Rezension
Beatrix Kramlovsky
Fanny oder Das weiße Land
hanserblau, München, 2020, 301 Seiten
ISBN 978-3-446-26797-8
Sechs k.u.k. Offiziere finden sich am Ende des Ersten Weltkrieges in einem Gefangenenlager in Ostsibirien zusammen und beschließen, sich in ihre Heimat durchzuschlagen. Angetrieben werden sie von Karl, den es zu seiner geliebten Fanny und seinem kleinen Sohn Max nach Wien zieht. Drei Jahre lang werden sie russische Wachmannschaften und sonstige Behörden umgehen und überlisten und tausende Kilometer unwegsamen Geländes durchqueren müssen – Steppen, Sümpfe, Schneefelder und Gebirgszüge. Geld haben sie wenig, ihre Ausrüstung ist schlecht. Aber sie haben Schläue, Gemeinschaftssinn und einen Anführer mit hervorragendem Zeichentalent, denn Karl hat sich als Autodidakt eine gute Ausbildung als Maler erarbeitet. Ein lebensechtes Porträt eines Bewachers oder eines seiner Angehörigen kann der ganzen Gruppe das Leben retten. Unter Karls Aufmunterung stellen sich auch bei seinen Kameraden kunsthandwerkliche Fähigkeiten heraus. Kleine holzgeschnitzte Menschen- und Tierfiguren werden sich unterwegs als gut absetzbare Tauschwaren erweisen. So kommen sie nach dreijähriger Wanderung in ihre Heimat zurück.
Die Erzählung fesselt den Leser vom Anfang bis zum Ende. Das kann sie, weil sie auf den Aufzeichnungen eines in Russland gefangenen k.u.k. Offiziers beruht. An ihnen wurde nur so viel geändert, wie es die geschichtliche Wahrheit verlangte. Denn vom Gefangenenlager aus konnte der ursprüngliche Schreiber die politische Lage nicht überschauen. Außerdem hat die Verfasserin des endgültigen Berichtes dem Leser die handelnden Personen als lebendige Charaktere vorgestellt und dazu verschiedene Einzelheiten abgeschliffen oder ergänzt.

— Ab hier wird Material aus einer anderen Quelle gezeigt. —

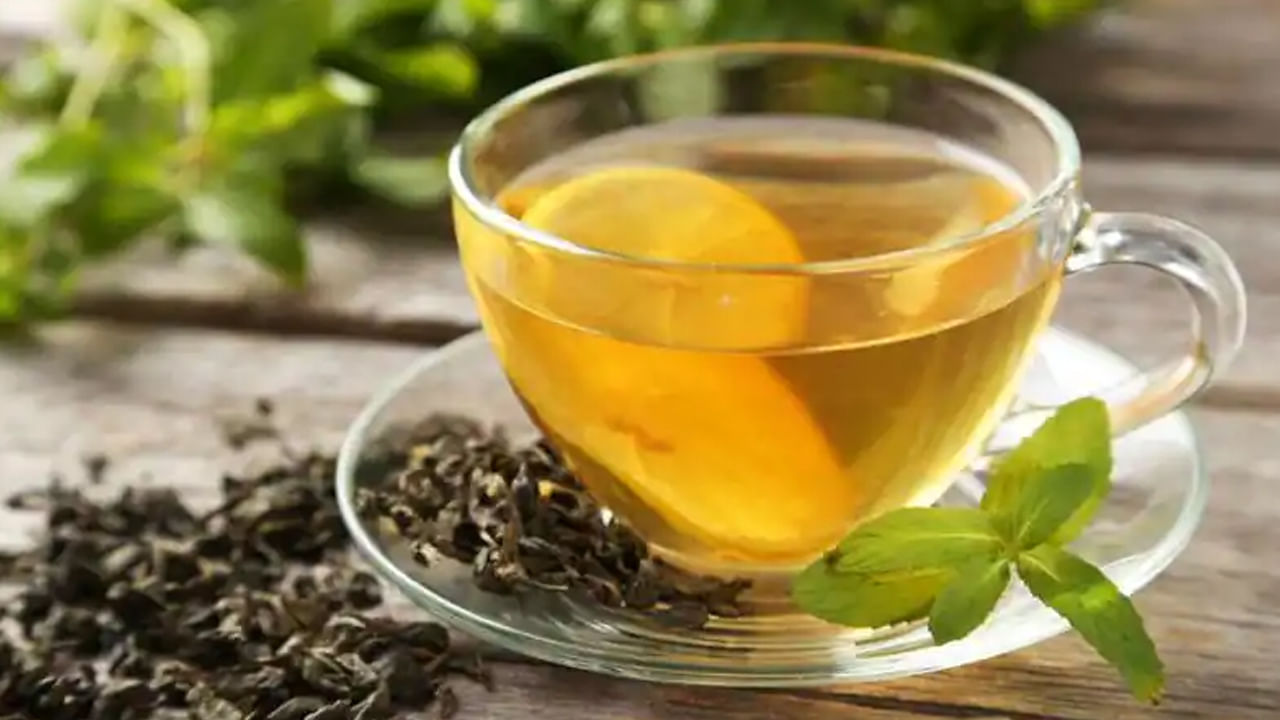 Green Tea: గ్రీన్ టీలో యాంటీఆక్సిడెంట్లు పుష్కలంగా ఉంటాయి. ఇవి దీర్ఘకాలిక వ్యాధుల ప్రమాదాన్ని తగ్గించడంలో సహాయపడతాయి. ఇది మెదడు పనితీరును మెరుగుపరచడంలో, గుండె జబ్బుల ప్రమాదాన్ని తగ్గించడంలో సహాయపడే కాటెచిన్‌లను కూడా కలిగి ఉంటుంది.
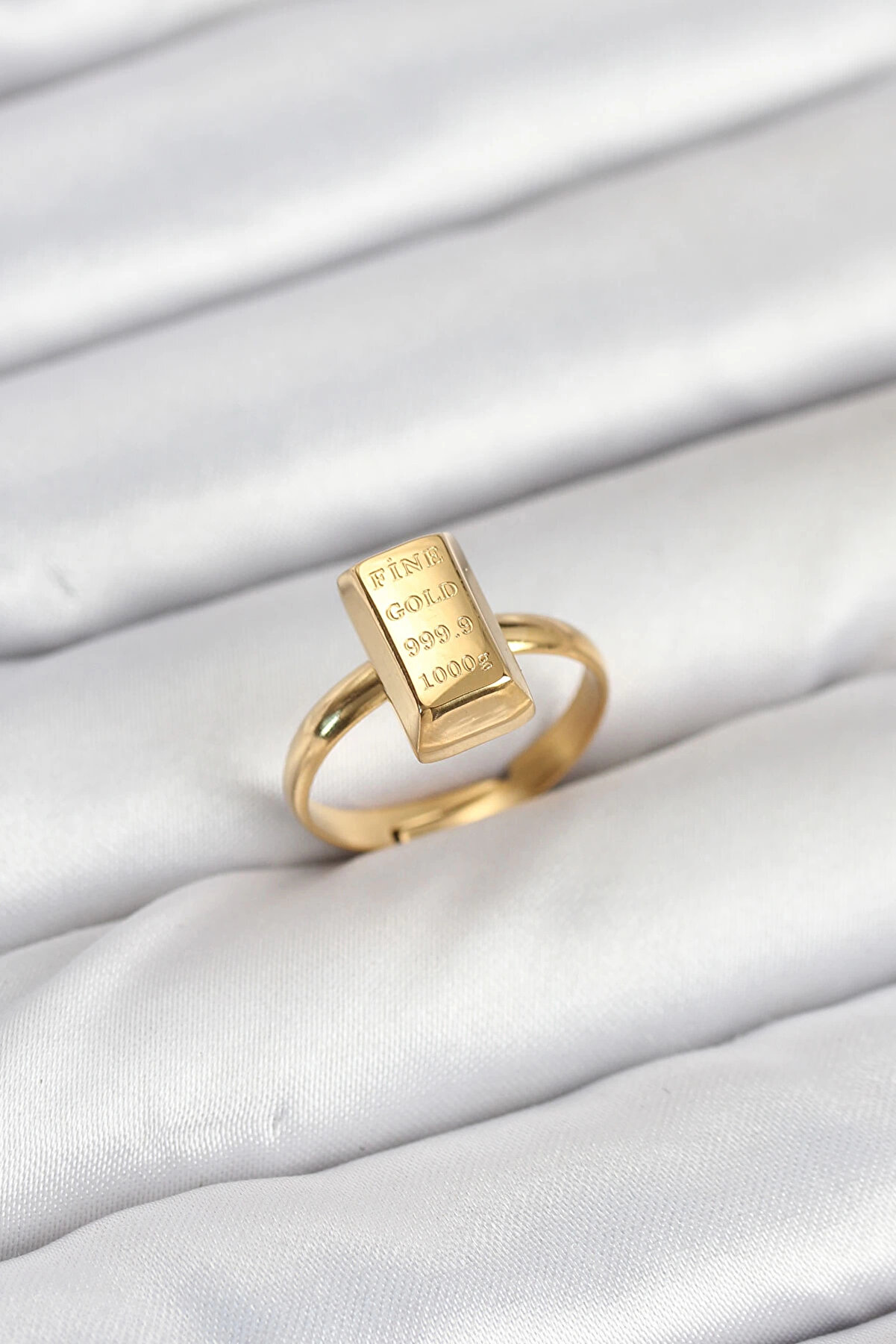 Buti̇k Pi̇ri̇n&ccedil; Gold Renk K&uuml;l&ccedil;e Altın Model Kadın Y&uuml;z&uuml;k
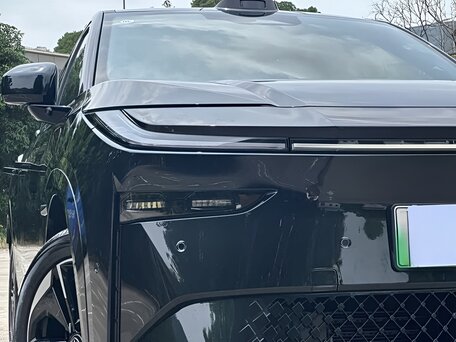 2026 Toyota bZ3X 58.3 kWh, чёрный, 2600757 рублей, вид 4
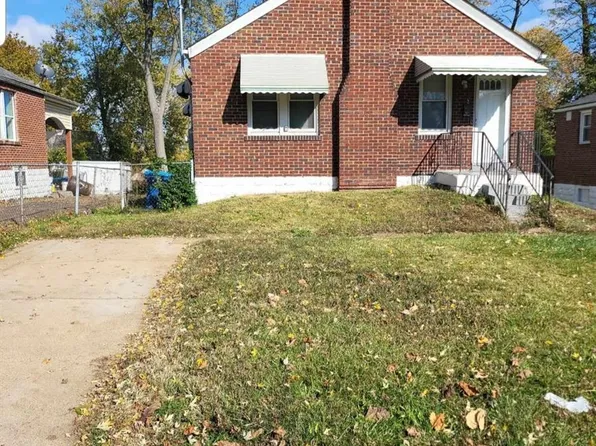 6733 Wynhill Dr, Saint Louis, MO 63133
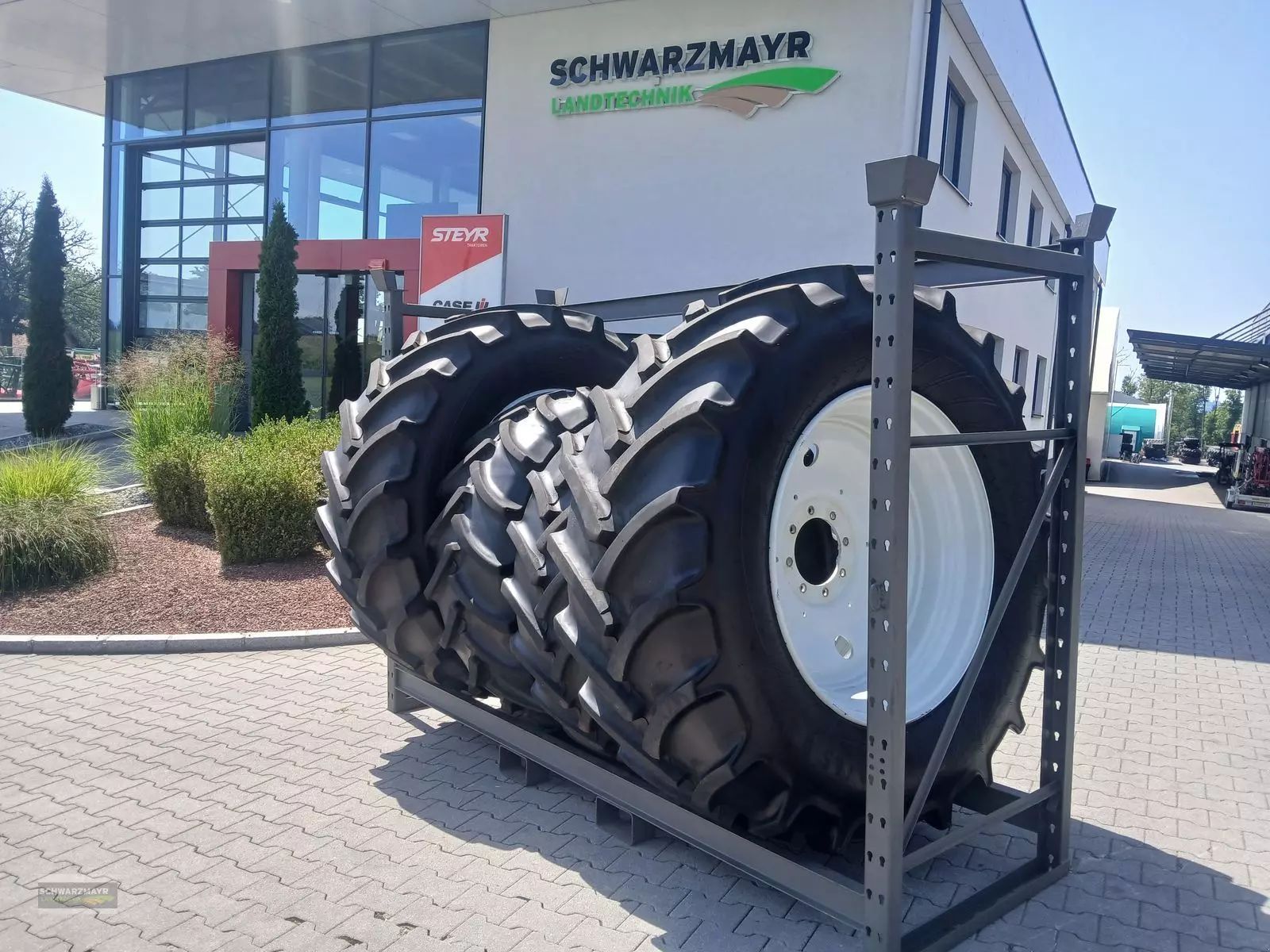 E-FARM: Mitas 650/65r28+540/65r38 kompletträder - Wheel and track - id SXABGVL - €5,750 - Austria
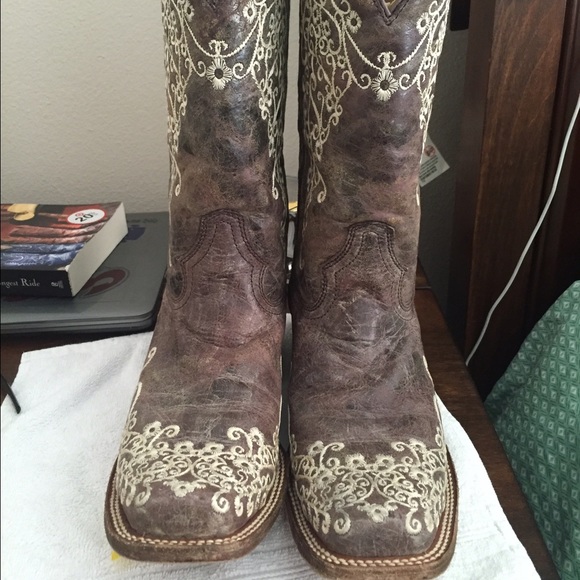 Size 9 Corral cowgirl boots from Buckle B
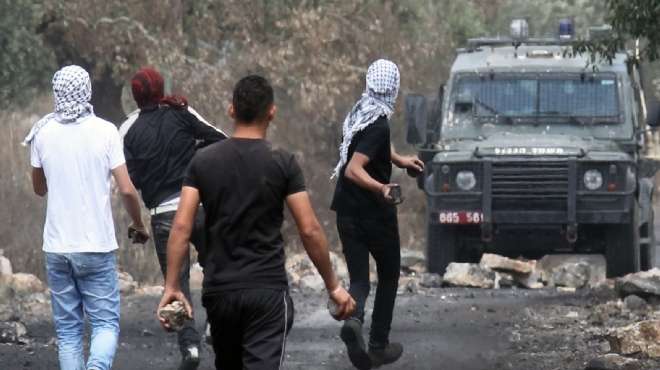 عاجل| اندلاع مواجهات بين فلسطينيين وقوات الاحتلال في 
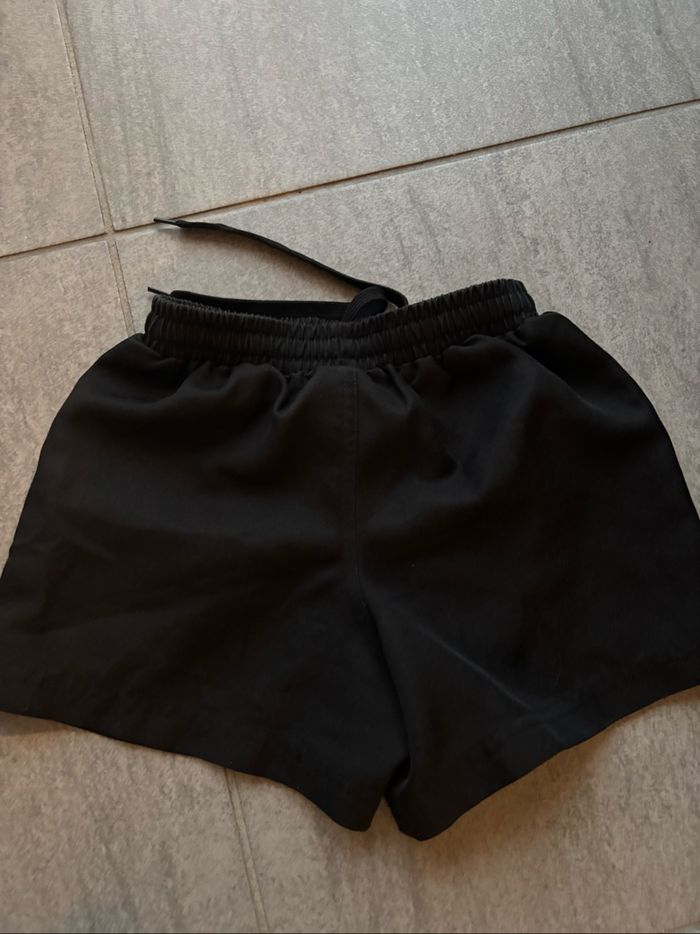 Short Gilbert - photo numéro 5
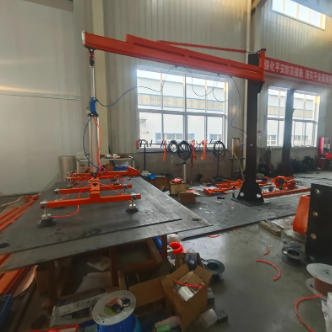 Pneumatic cantilever loading manipulator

Freund und ehemaliger Feind werden verständnisvoll und einfühlsam dargestellt, die Gräuel des Todes und der Gefangenschaft wirklichkeitsnah, aber ohne Bitterkeit. Insgesamt ist die Erzählung in einem zwanglosen wienerischen Hochdeutsch gehalten, das sich offenbar an die Sprache der ursprünglichen Erzählung anlehnt. Der Vater spricht nicht zu „seinem Jungen“, sondern zu „seinem Bub“ – öha! Sollte es nicht „zu seinem Buben“ heißen (auf S.83)? Aber seien wir nachsichtig – ich jedenfalls bitte um Nachsicht für meine Schulmeisterei. Lassen Sie sich durch sie nicht davon abhalten, dieses Buch zu lesen!